[Start of Attachment]

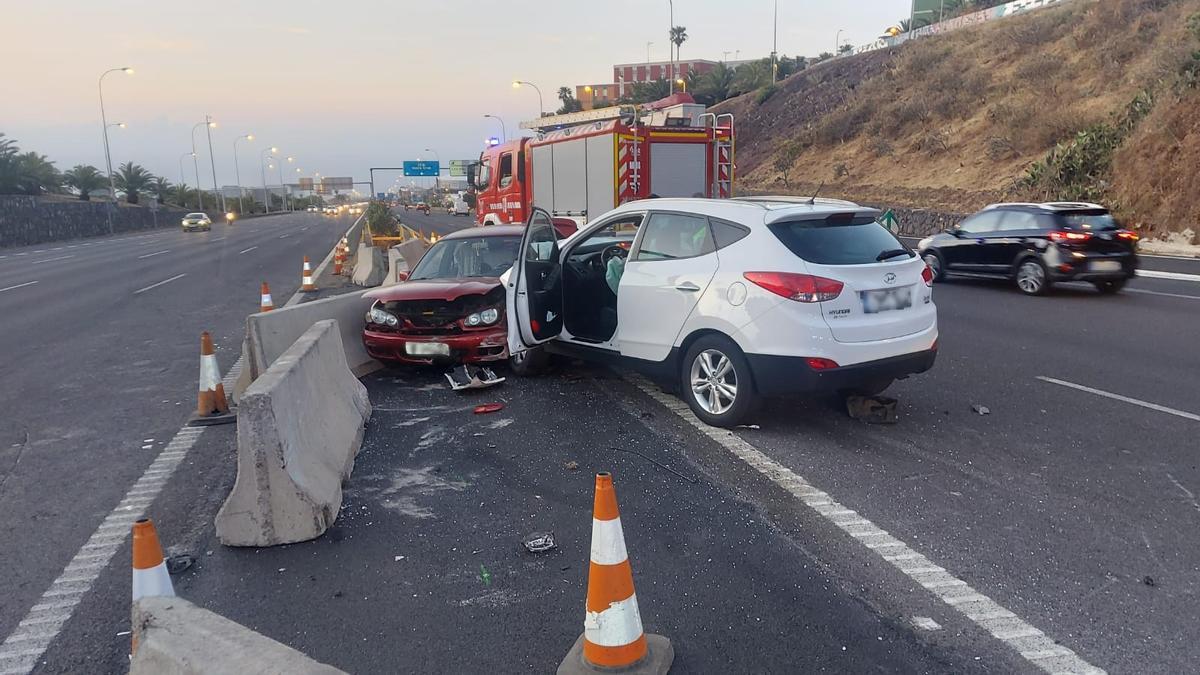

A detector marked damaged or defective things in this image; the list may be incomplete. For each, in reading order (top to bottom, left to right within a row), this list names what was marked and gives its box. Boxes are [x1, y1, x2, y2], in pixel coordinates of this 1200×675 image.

damaged red car hood [362, 276, 499, 302]
broken plastic piece [451, 362, 506, 389]
broken plastic piece [849, 393, 897, 420]
broken plastic piece [525, 530, 556, 552]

[End of Attachment]

Transcribe all of the entries word for word, but skip any pictures they contain.

== Written reply ==
A detector marked damaged or defective things in this image; the list may be incomplete. For each, in reading order (top to bottom, left to right within a row), this list names what was marked and gives its box. Boxes are [x1, y1, x2, y2], in pixel coordinates of this 1200×675 image.

damaged red car hood [362, 276, 499, 302]
broken plastic piece [451, 362, 506, 389]
broken plastic piece [849, 393, 897, 420]
broken plastic piece [525, 530, 556, 552]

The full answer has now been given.